→ **EXERCISE GOAL**: Word for word, transcribe the lines from the one containing "LoveShackFancy Pink Ruffled Mini Dress" through the end of the entries, both included, and nothing else.

→ **PROVIDED INFORMATION**:
○ ○ ○ ○ ○ ○ ○
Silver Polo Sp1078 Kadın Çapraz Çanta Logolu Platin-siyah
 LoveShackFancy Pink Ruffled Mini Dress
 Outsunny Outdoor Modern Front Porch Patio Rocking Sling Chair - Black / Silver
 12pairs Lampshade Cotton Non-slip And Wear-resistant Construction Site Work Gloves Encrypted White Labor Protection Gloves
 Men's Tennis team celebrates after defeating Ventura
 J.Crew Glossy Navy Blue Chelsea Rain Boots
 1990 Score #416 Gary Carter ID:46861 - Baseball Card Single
○ ○ ○ ○ ○ ○ ○
→ **RESULT FOR THIS EXERCISE**:
 LoveShackFancy Pink Ruffled Mini Dress
 Outsunny Outdoor Modern Front Porch Patio Rocking Sling Chair - Black / Silver
 12pairs Lampshade Cotton Non-slip And Wear-resistant Construction Site Work Gloves Encrypted White Labor Protection Gloves
 Men's Tennis team celebrates after defeating Ventura
 J.Crew Glossy Navy Blue Chelsea Rain Boots
 1990 Score #416 Gary Carter ID:46861 - Baseball Card Single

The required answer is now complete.